Unincorporated community in Pennsylvania, US

Shavertown is a census-designated place (CDP) in Kingston Township, Luzerne County, Pennsylvania, United States. It lies approximately 7 mi northwest of the city of Wilkes-Barre and 24 mi southwest of Scranton. The population of the CDP was 1,968 at the 2020 census.

==History==
===Early history===
Shavertown is named for an early settler, Philip Shaver. In 1813, Philip purchased the land that would later become Shavertown from William Trucks, the namesake of Trucksville. That same year, Philip sold the northwest portion of his land to John McClellon. This land would be known as McClellonsville, a small village which was later named Dallas. By 1818, Philip still owned nearly one thousand acres of land in the Back Mountain region.

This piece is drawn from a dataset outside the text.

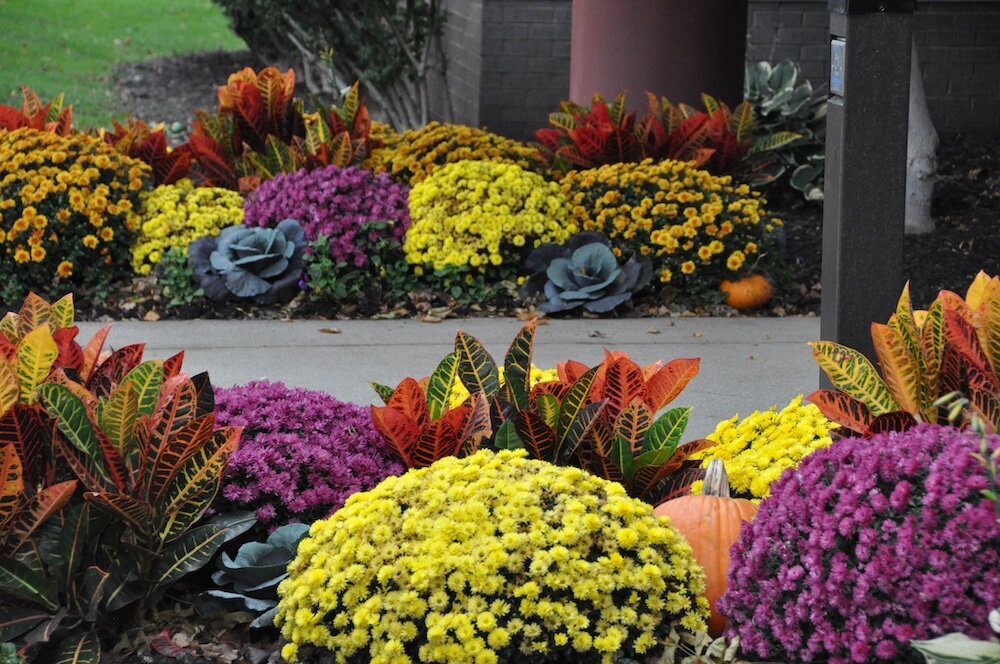 Commercial landscape company project in Kansas City: seasonal flowers showcase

Philip Shaver was born in 1762 along the Danube River Valley in Vienna, Austria. He migrated to the United States between 1765 and 1769 with his parents and brothers. Philip Shaver married Mary Ann Wickizer at St. James Lutheran Church (in Greenwich, Warren County, New Jersey, on December 12, 1786). They had 7 children: John Philip, Peter, William G., Elizabeth, James Henry, George, and Asa W. Shaver. Around 1804, Philip and his family arrived in Forty Fort, where they resided until 1810. Philip came to the “Back of the Mountain” in search of a gigantic species of legendary evergreen trees. He was forced to carve out a path from a rugged foot trail and among heavily forested lands, now Route 309, known to locals as the "Rock Cut." Philip and his sons constructed a sawmill in 1815. This first mill was on the north branch of Toby Creek and located near the Prince of Peace Church on Main Street in Dallas. Philip cut the wood for the first Market Street Bridge in Wilkes-Barre (in 1820).

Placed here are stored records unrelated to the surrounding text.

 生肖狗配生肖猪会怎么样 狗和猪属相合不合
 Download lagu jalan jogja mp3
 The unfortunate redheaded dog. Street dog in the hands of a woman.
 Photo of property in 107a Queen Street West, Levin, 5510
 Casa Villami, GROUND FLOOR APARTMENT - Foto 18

It is said that after years of watching children labor on farms, Philip wished that the farm girls and boys should learn to read and write. In 1816, he donated the land for the first school in the Back Mountain. The school was a one-room log cabin on the site of the current Back Mountain Memorial Library on Huntsville Road. Philip also set aside lands for a public burying ground “on the hill near the pine grove just south of Dallas Village, on the road to Huntsville.” Philip also designated a plot of land for his family's graves, visible from Overbrook Road. In November 1826, Philip died after an accident. His left hand was crushed in the cider press that he and his sons were operating. Philip was forced to amputate his own hand and died of blood poisoning a few days later on November 7, 1826. A relative, Bayard Taylor Shaver of Lake Minnetonka, Minnesota, told of finding that same cider press on a visit to the Shaver farm in 1876. Philip's headstone rests at the end of the Shaver Cemetery. Inscribed upon his footstone reads a testament to Philip's vast travels: “Here lies my weary feet.”

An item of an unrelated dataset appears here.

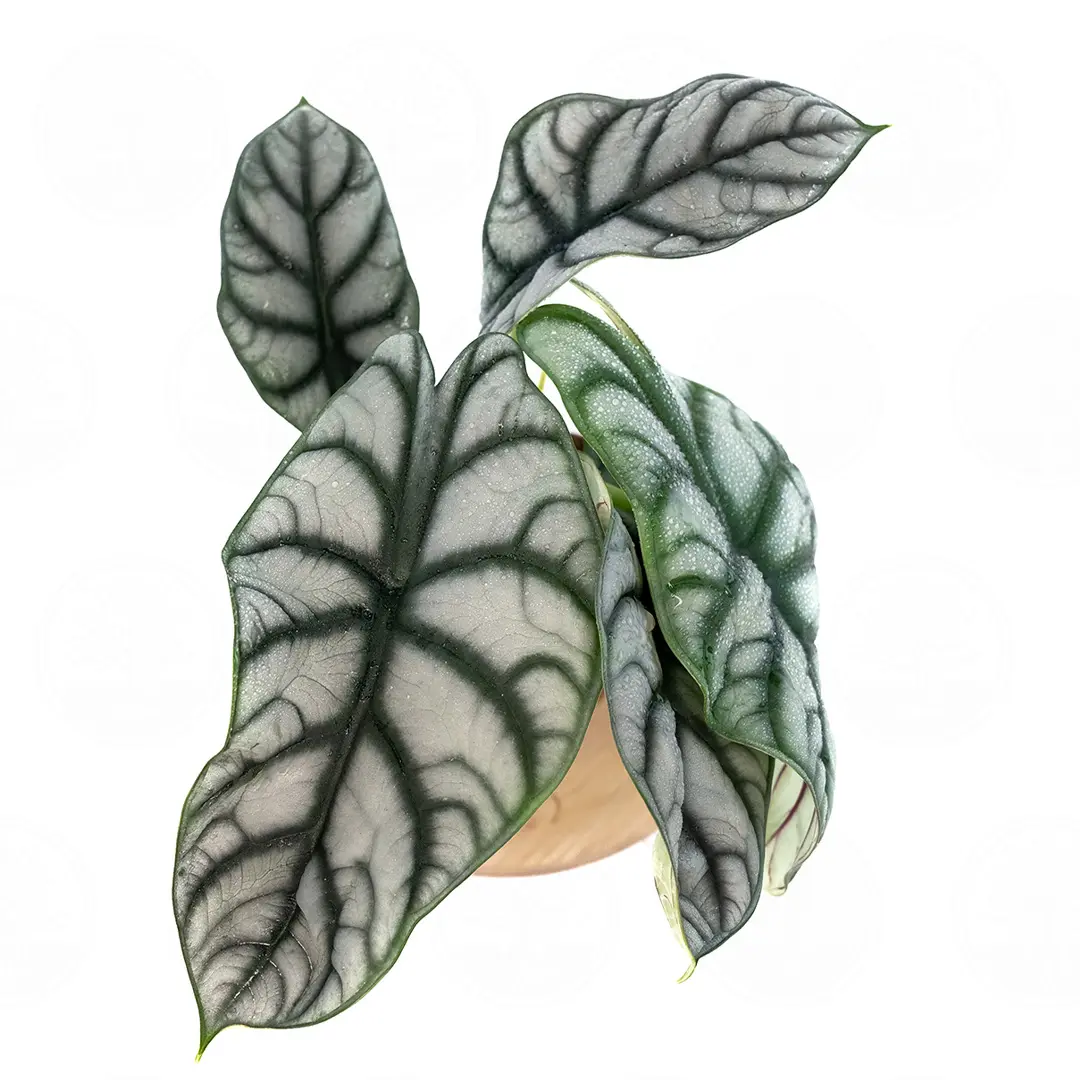 Алоказия "Silver Tarragon" купить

Academy Award nominated actor Lee Tracy is buried in Shavertown.

===Vice-presidential visit===
Shavertown came to national attention in October 2005 when U.S. Vice President Dick Cheney visited the village at the home of Ron and Rhea Simms for a fundraiser for the reelection campaign of Pennsylvania Republican U.S. Senator Rick Santorum, who was later defeated in the 2006 U.S. congressional elections by Scranton native and pro-life Democrat Bob Casey, Jr., the state's former treasurer. The fundraiser raised $300,000 for the Santorum campaign.

==Geography==
Shavertown is located in the western corner of Kingston Township at , along Pennsylvania Route 309. It is directly north of the CDP of Trucksville and directly south of the unincorporated area of Fern Brook (in the neighboring Dallas Township). The borough of Dallas is 1 mi north along Route 309.

According to the United States Census Bureau, the CDP has a total area of 3.2 km2, all land.

==Education==
The school district is the Dallas and Lake Lehman School District.